Intrusive model reduction methods, based on a working and decomposable numerical simulation of the governing equations, provide the most general and widely used set of techniques. Foremost in this arsenal is the Galerkin projection of the governing equations onto a low-dimensional linear subspace, usually spanned by orthogonal modes, such as Fourier, or data-driven modes from proper orthogonal decomposition (POD) [3, 6, 23, 39]. These approaches benefit from a strong connection to the underlying physics, the ability to include constraints to enforce preservation of the underlying dynamic structure, and adaptivity [2, 15,16,17]. In addition, there are several extensions around hyper-reduction to improve efficiency for systems with parametric dependence or higher order nonlinearities, based on the empirical interpolation method (EIM) [5] and the discrete empirical interpolation method (DEIM) [19]. However, these models are limited to the dynamic terms of the governing equations and the linear projection basis may not be optimal for capturing the dynamics. The main drawback of intrusive methods is that they are challenging to implement, requiring considerable human effort and knowledge to manipulate the governing equations and simulation code.

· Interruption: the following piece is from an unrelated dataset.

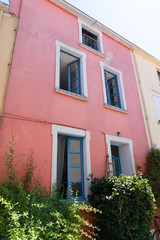Fototapeta na wymiar Trentemoult village in France colorful houses pink salmon and yellow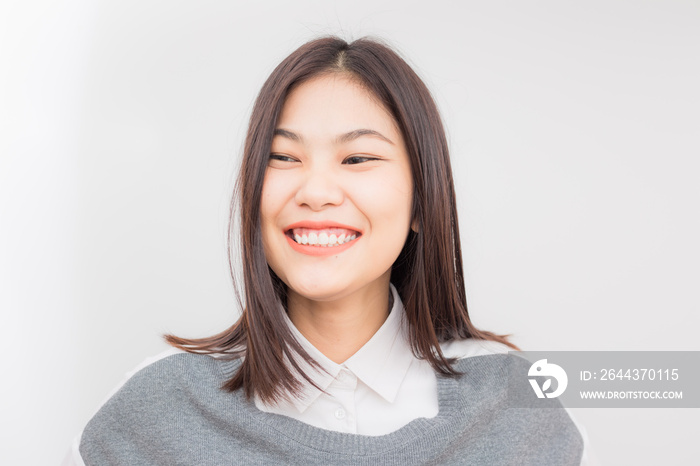 Beautiful young asian women smiling on white background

In contrast to intrusive model reduction, data-driven techniques are becoming increasingly prevalent, catalyzed by the increasing availability of measurement data, the lack of governing equations for many modern systems, and emerging methods in machine learning and data-driven optimization. Collectively, these data-driven techniques form the field of system identification [24, 33, 38]. Many techniques in system identification use regression to identify linear models, such as the eigensystem realization algorithm (ERA) [25] and dynamic mode decomposition (DMD) [4, 30, 49, 56]; recently, both techniques have been connected to nonlinear systems via the Koopman operator [13, 36, 46]. Another classic technique in nonlinear system identification is the NARMAX algorithm [7, 28, 51]. Recently, powerful techniques in machine learning are re-defining what is possible in system identification, leveraging increasingly large datasets and more powerful optimization and regression techniques. Deep learning, based on multi-layer neural networks, is increasingly used to model fluid dynamics and obtain closure models [29, 32, 37, 40, 42, 52, 61, 69]. More generally, machine learning is having a considerable impact in the modeling of dynamical systems and physics [8, 12, 44, 50], for example relevant work in cluster-based reduced order models [26], long-short time memory networks (LSTMs) [58, 60], and Gaussian process regression [43, 59]. Of particular interest are techniques based on the principle of *parsimony* that seek the simplest models, with the fewest terms necessary to describe the observed dynamics [8, 12, 34, 35, 47, 48, 50]. For example, the sparse identification of nonlinear dynamics (SINDy) algorithm [12] uses sparse regression to identify the few active terms in a differential equation. The resulting models balance model complexity with descriptive power, avoiding overfitting and remaining both interpretable and generalizable.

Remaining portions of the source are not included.